# Paul Silas will not return



## Diable (Apr 26, 2005)

http://blogs.charlotte.com/inside_the_nba/2012/04/paul-silas-out-as-charlotte-bobcats-coach.html

MJ offered him a contract and Silas threatened to kick his ass. That's the way I heard it.


----------



## Basel (Mar 31, 2005)

I hope he gets a coaching job somewhere else. He's a good coach. He just had zero talent. Phil Jackson couldn't have done anything positive with this squad.


----------



## roux (Jun 20, 2006)

what a shock


----------



## Marcus13 (Jul 17, 2002)

I'm sure he's quite happy to learn that, too


----------



## RollWithEm (Jul 16, 2002)

I thought Paul Silas was a horrible coach when he was with the Hornets.
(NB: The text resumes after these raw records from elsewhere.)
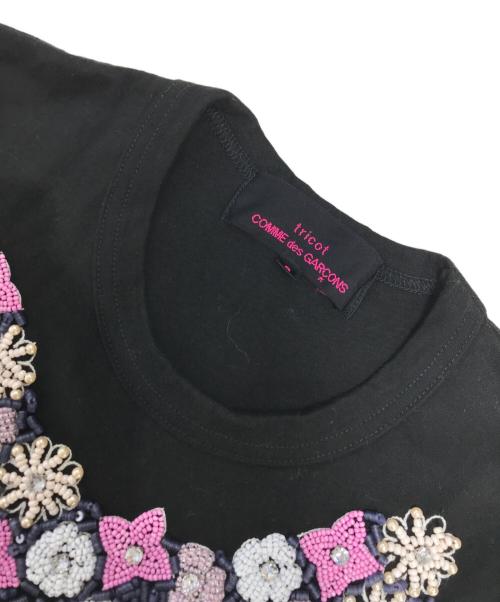 tricot COMME des GARCONS（トリココムデギャルソン）tricot COMME des GARCONS (トリココムデギャルソン) 花柄装飾Tシャツ ブラック サイズ:Sの古着・服飾アイテム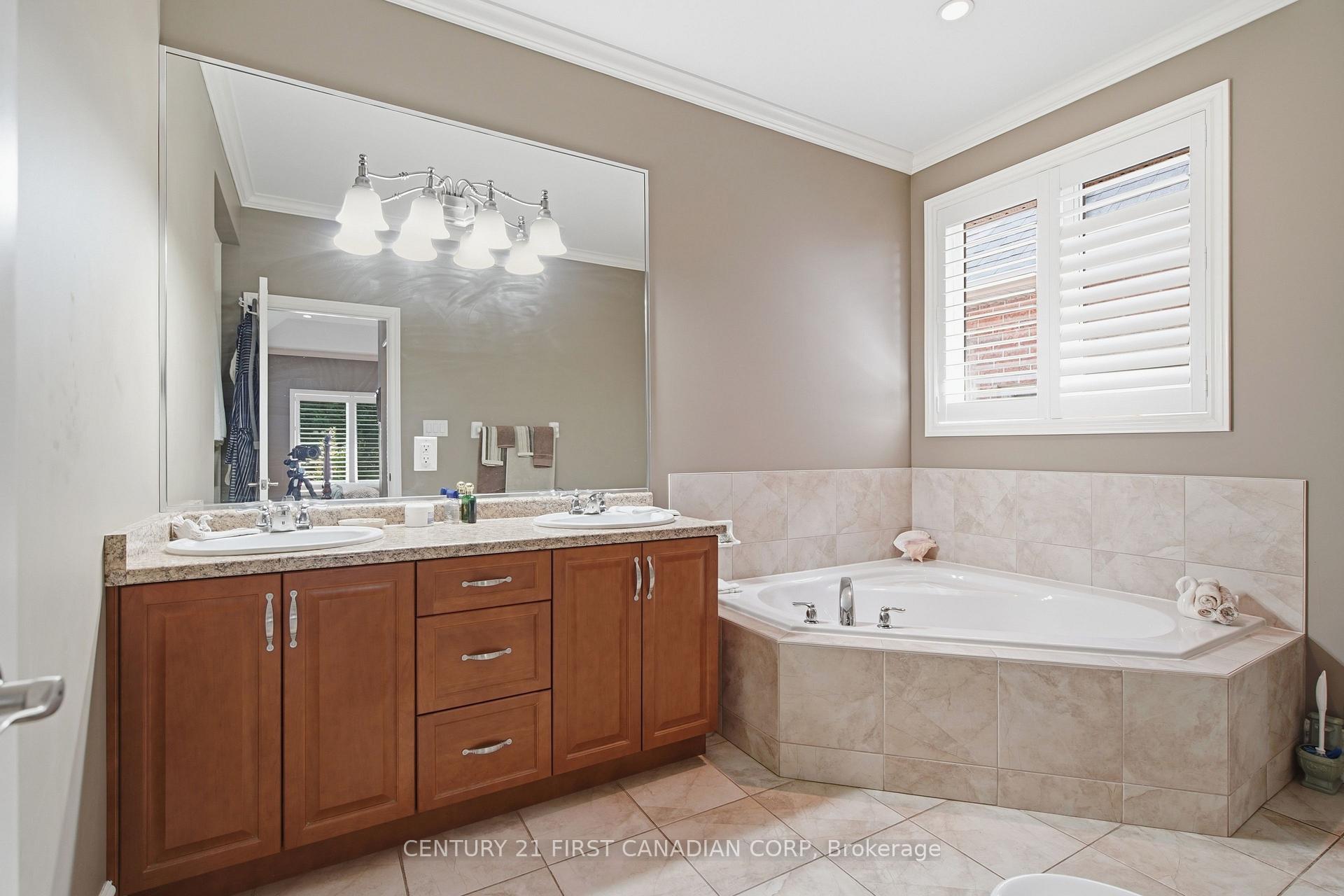 Photo 30 of 2285 Lilac Avenue, London, South K — HOMEH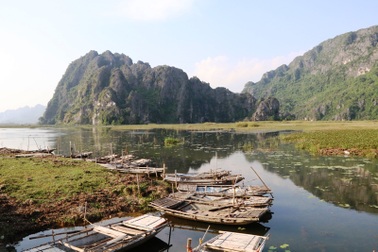 Cảnh sắc hoang sơ tuyệt đẹp ở đầm Vân Long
I don't know how he continues to be employable.


----------



## e-monk (Sep 10, 2010)

his stint with the hornets was quite respectable seeing as he was working with pretty mediocre talent (Baron Davis, PJ Brown, David Wesley, Elden Campbell et al) - 4 play-off runs, a couple second round apppearances - I wouldnt call that horrible


----------



## Diable (Apr 26, 2005)

He's not a great x and o guy, he does usually get his teams to play hard. Wasn't anything he could really accomplish with this team. At any rate he only took this job because he lives in Charlotte and probably was trying to give his son Stephen Silas some help getting a job. Truthfully his son looks sort of like a decent coach. Silas is more or less average.


----------



## Blue (Jun 21, 2007)

> The Bobcats are expected to quickly engage in a coaching search. Potential candidates could include former Portland Trail Blazers coach (and one-time N.C. State great) Nate McMillan and former New York Knicks coach Mike D’Antoni. *Another possibility could be Orlando Magic assistant coach Patrick Ewing, who has close ties to Bobcats owner Michael Jordan.
> 
> Ewing, among the best centers in NBA history, played on the original Dream Team with
> Jordan. As players they both were represented by agent David Falk.*


That would be interesting


----------



## Pay Ton (Apr 18, 2003)

Wasn't Paul Silas the coach that was asked about his opinion regarding somebody and stated, "See you next time?"

I think it was him.

I like him.


----------